但所有這些雜亂的、矛盾的、本該互相消解的情緒,此刻都被同一種力量裹挾著、引導著、統合著。
憤怒。
在它的認知裡,所有的情緒最終都會歸於悲傷,所有的掙扎最終都會歸於寂滅。
但那個人不是這樣想的。
那個人覺得不該如此。
..
顧承明踏出了一步,地面在他腳下碎裂開來,不是靈力的餘波,是純粹的力量。
他從靜思院的院牆上一躍而起,身形在夜空中劃出一道筆直的軌跡,朝著陣法囚恢心堑阑疑纳碛爸毙n而去。
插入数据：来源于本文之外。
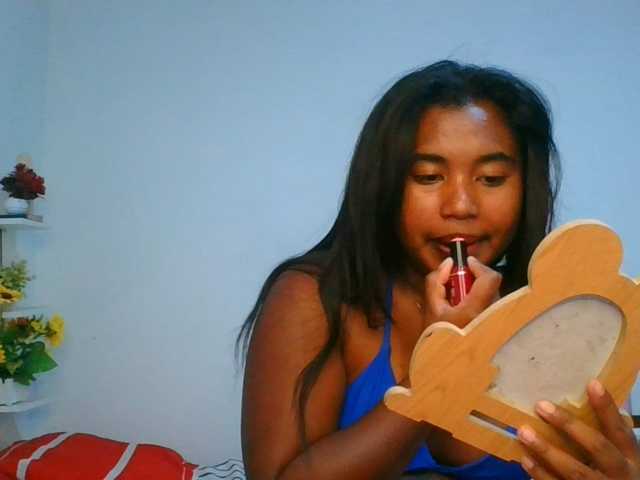 Pauliemarie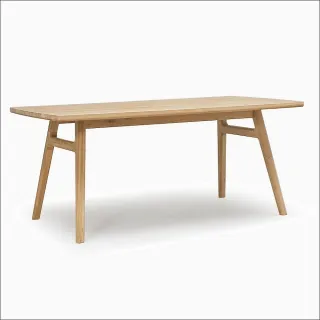 【HOLA】CORE ONE查莉現代扶手餐椅60x53x78 迷霧灰 歷史價格詳細信息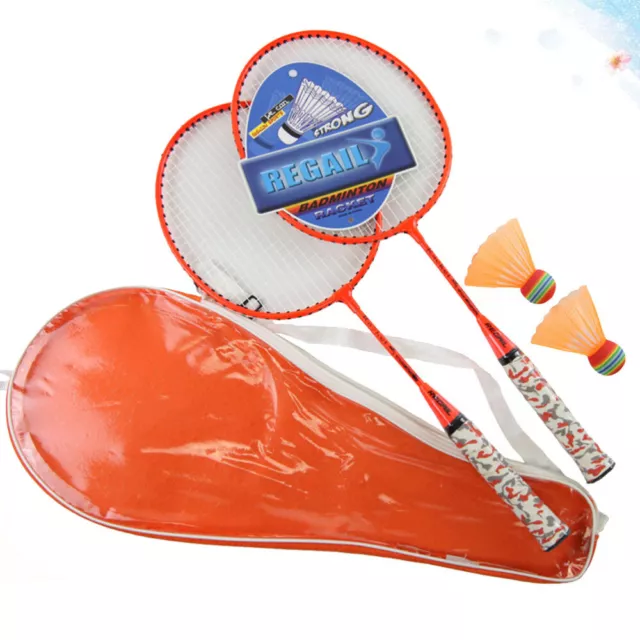 Kinder Set Kinder Sport Spiel Kleinkind Im Freien Spielzeug Kinder Tennis Set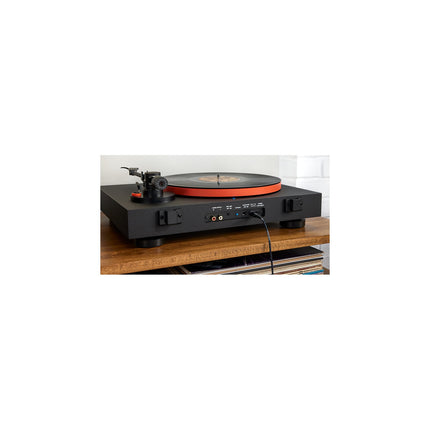 Platine vinyle JBL Spinner BT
風在耳畔尖嘯,他的右臂已經感覺不到疼痛了,不是因為痛感消失,而是因為那股力量太過龐大,大到疼痛已經變得無關緊要。
悲在最後一刻完成了實體化。
它的身體從虛幻變為了實質,淚痕凝成了真正的水滴,悲慼的面容第一次擁有了真實的輪廓。
——那就是許畫意說的“唯一的勝算”。
實體化的瞬間。
從虛無到實質的那一剎那,它不再是無法觸碰的情緒聚合體,而是一個實實在在的、可以被擊中的目標。
這個視窗極其短暫。
短暫到只有一拳的時間。
夠了。
..
後來有人問許畫意,那一拳是什麼樣的。
她想了很久,最終只說了一句話。
“我沒看清。”
這不是謙辭,而是事實。
她確實沒看清。
她只看到了顧承明的身影在夜空中裹挾著憤怒燃燒,然後與那道灰色的人形轟然相撞,就像是殘軀裹挾著烈火。
拳頭落下的瞬間,一千餘人的情緒同時找到了釋放的出口。
那些被悲所吞噬的、被壓抑在胸腔裡幾乎令人窒息的、堆積了一整夜的沉重和灰暗——在顧承明的拳鋒接觸到悲的實體的那一刻。
蘇夏芍在床角猛地抬起頭,她不知道發生了什麼,但胸口那團堵了一整夜的東西忽然炸開了,像是有人在她的心臟上鑿開了一個洞,所有的悲傷都從那個洞裡傾瀉而出,取而代之的是一股彷彿灼燒靈魂般的痛快。
蘇秋枝在懸崖邊握緊了玉佩,指甲嵌進掌心,她猛地站起身,朝著夜空的方向仰起頭。
清蘿從桌前站了起來,她去撿那團被自己揉皺的畫紙,手指顫抖著將它一點一點展平,畫上那個持劍的背影皺皺巴巴的,但她看著看著,忽然笑了。
枯榮長老彎腰撿起了那顆滾落在地的白色棋子,枯瘦的手指摩挲著棋子的表面,然後她將它放回了棋盤上——不是雲霓未落下的那個位置,而是一個新的位置。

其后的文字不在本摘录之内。